# Work required
Note on the material below: return exactly the lines from the line that holds "Duplex sáng sủa" through the line that holds "Shaunavon Liquor Store, Shaunavon, Saskatchewan", and leave out each picture.

# Recorded data
────────
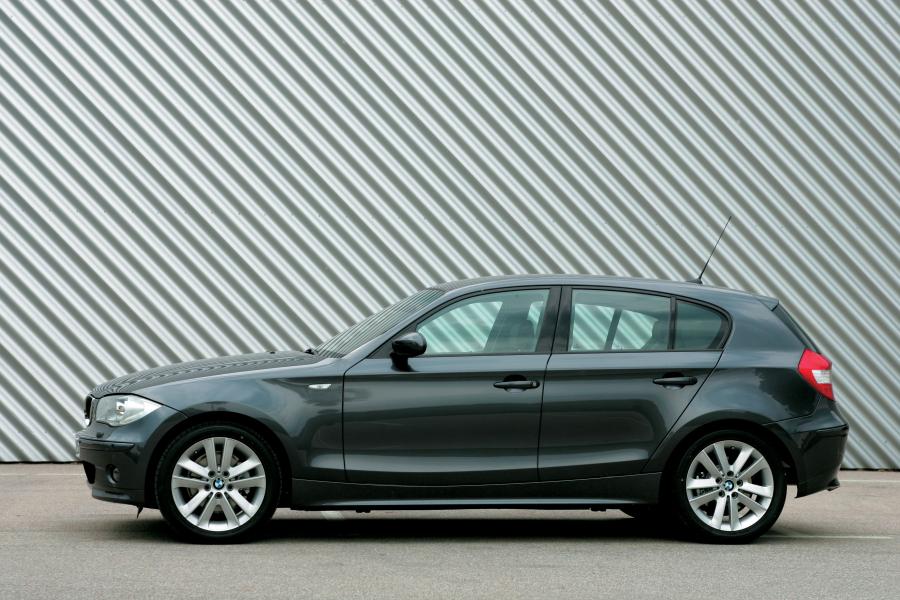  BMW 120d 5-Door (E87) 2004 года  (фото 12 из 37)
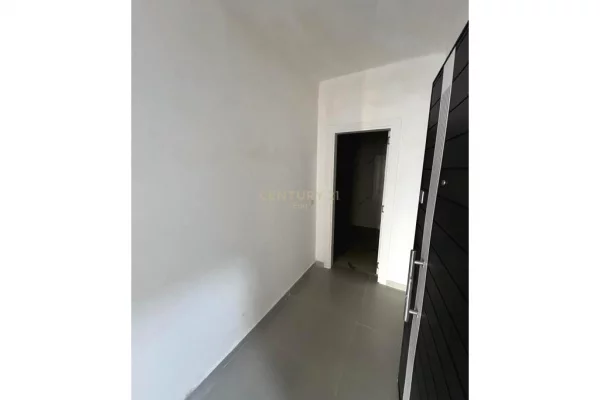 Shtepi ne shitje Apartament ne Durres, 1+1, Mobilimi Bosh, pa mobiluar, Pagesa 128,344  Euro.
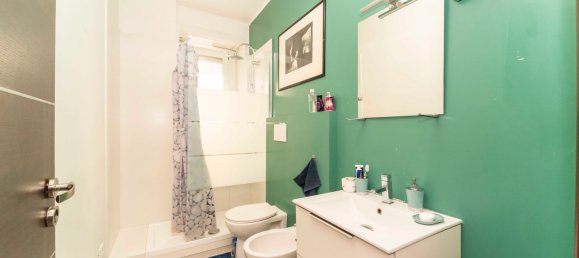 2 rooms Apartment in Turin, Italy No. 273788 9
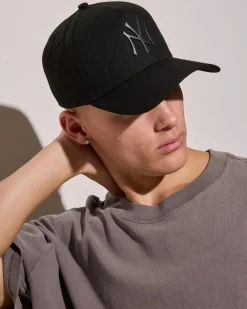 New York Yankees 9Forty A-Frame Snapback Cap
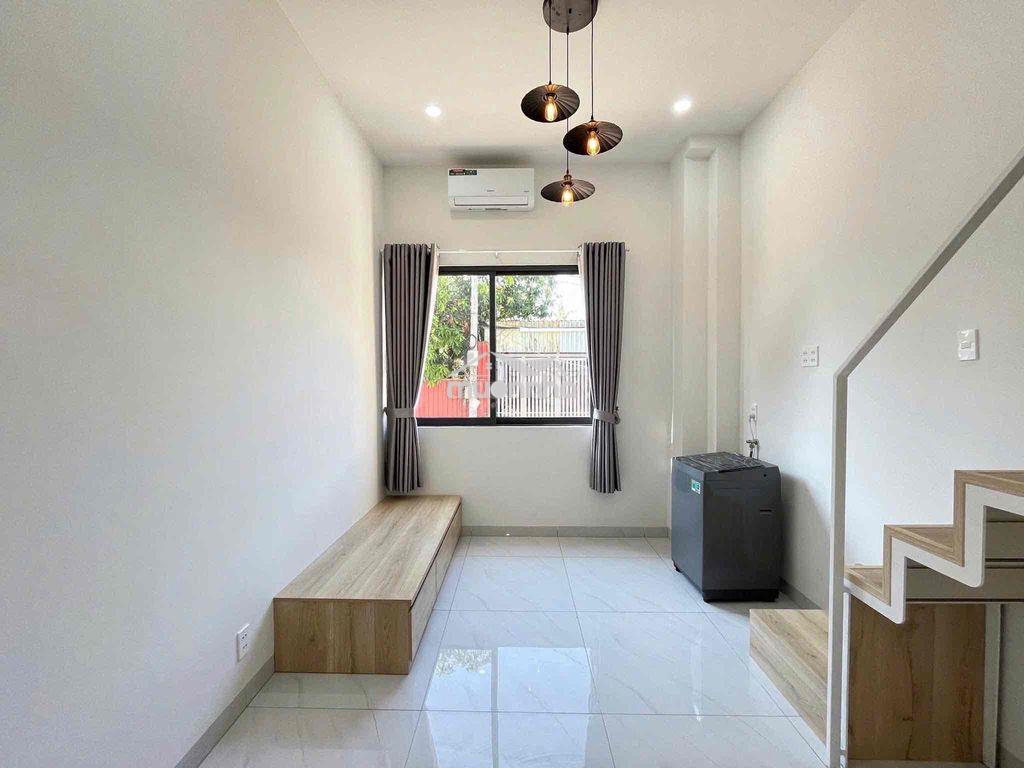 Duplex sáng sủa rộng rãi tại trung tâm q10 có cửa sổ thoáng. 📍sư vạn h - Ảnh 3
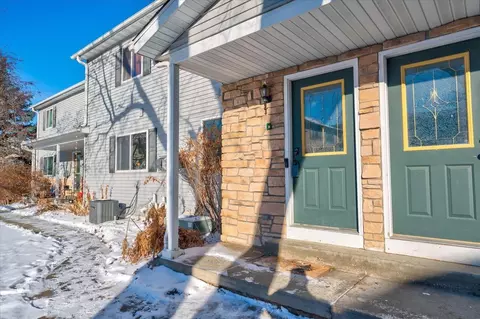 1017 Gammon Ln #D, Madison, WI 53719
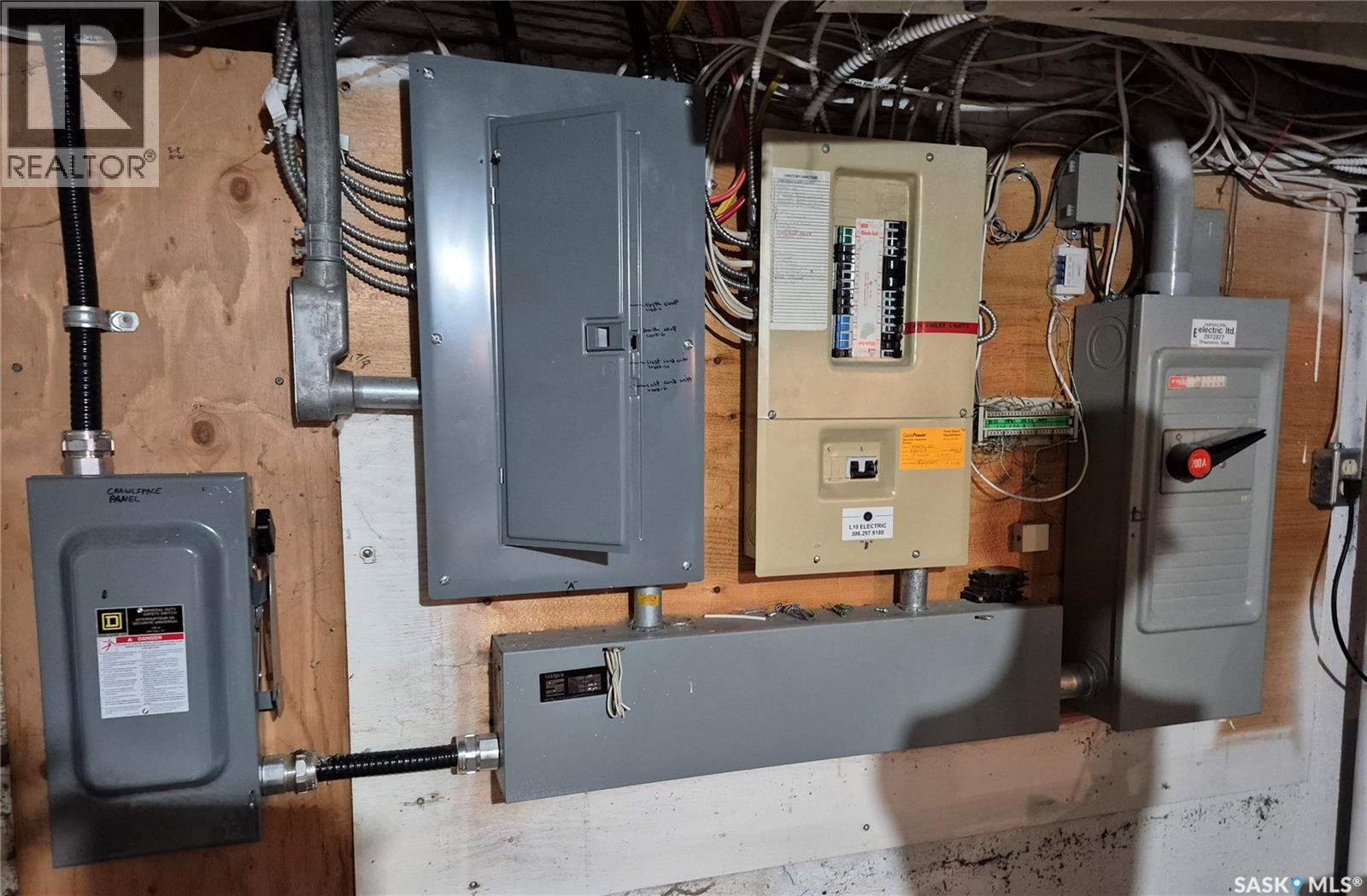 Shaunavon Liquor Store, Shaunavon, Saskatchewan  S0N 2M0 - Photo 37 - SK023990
────────
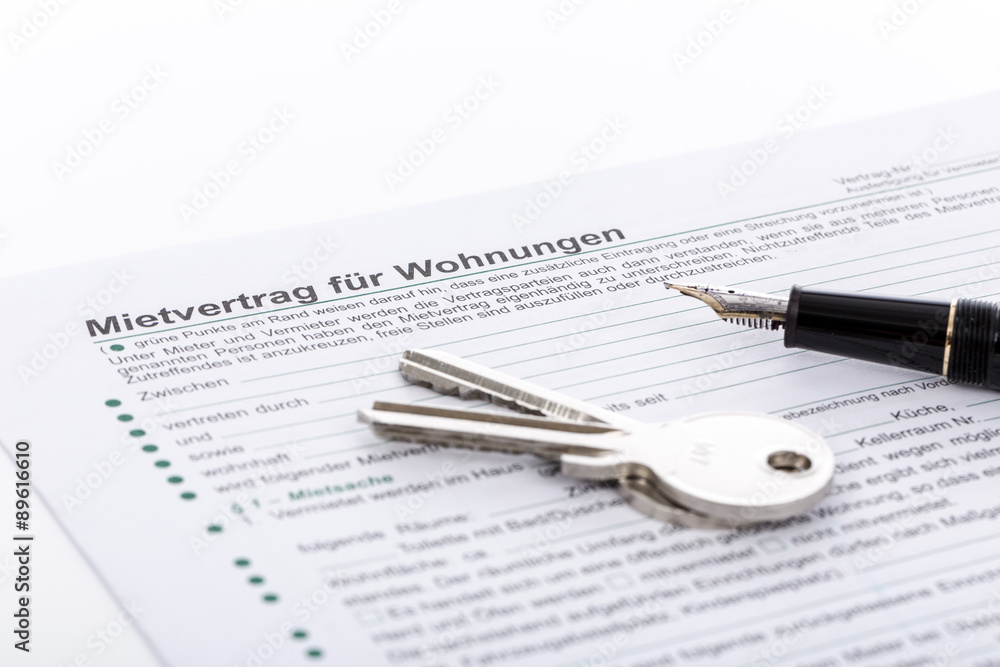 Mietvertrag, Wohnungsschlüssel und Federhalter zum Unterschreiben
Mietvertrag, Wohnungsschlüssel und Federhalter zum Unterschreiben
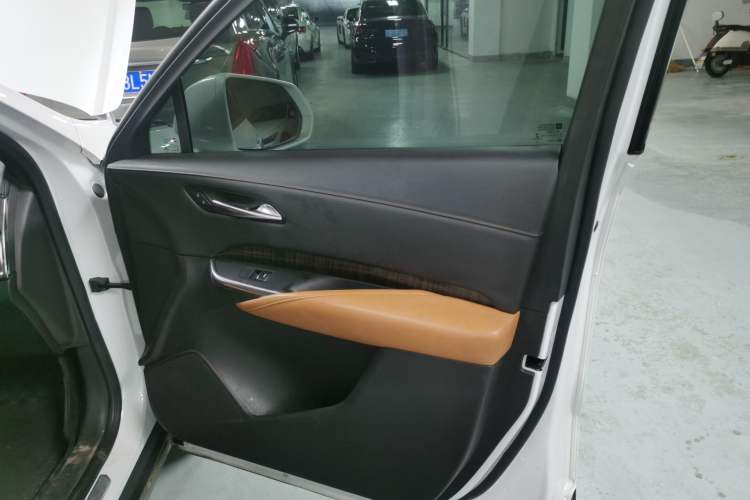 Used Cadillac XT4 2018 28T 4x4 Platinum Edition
────────
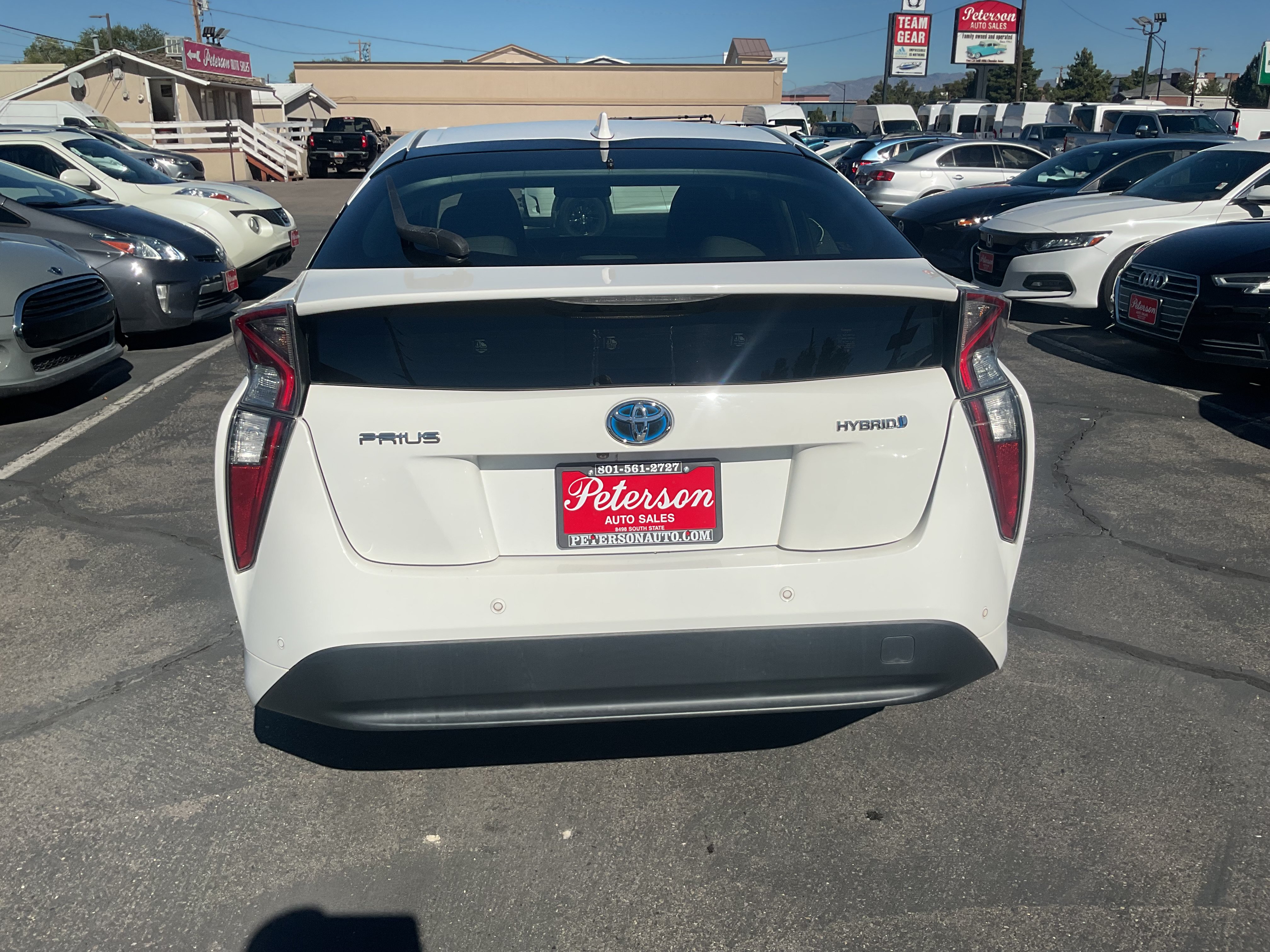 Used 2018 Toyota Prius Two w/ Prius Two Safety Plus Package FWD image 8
────────
# Expected answer
 Duplex sáng sủa rộng rãi tại trung tâm q10 có cửa sổ thoáng. 📍sư vạn h - Ảnh 3
 1017 Gammon Ln #D, Madison, WI 53719
 Shaunavon Liquor Store, Shaunavon, Saskatchewan  S0N 2M0 - Photo 37 - SK023990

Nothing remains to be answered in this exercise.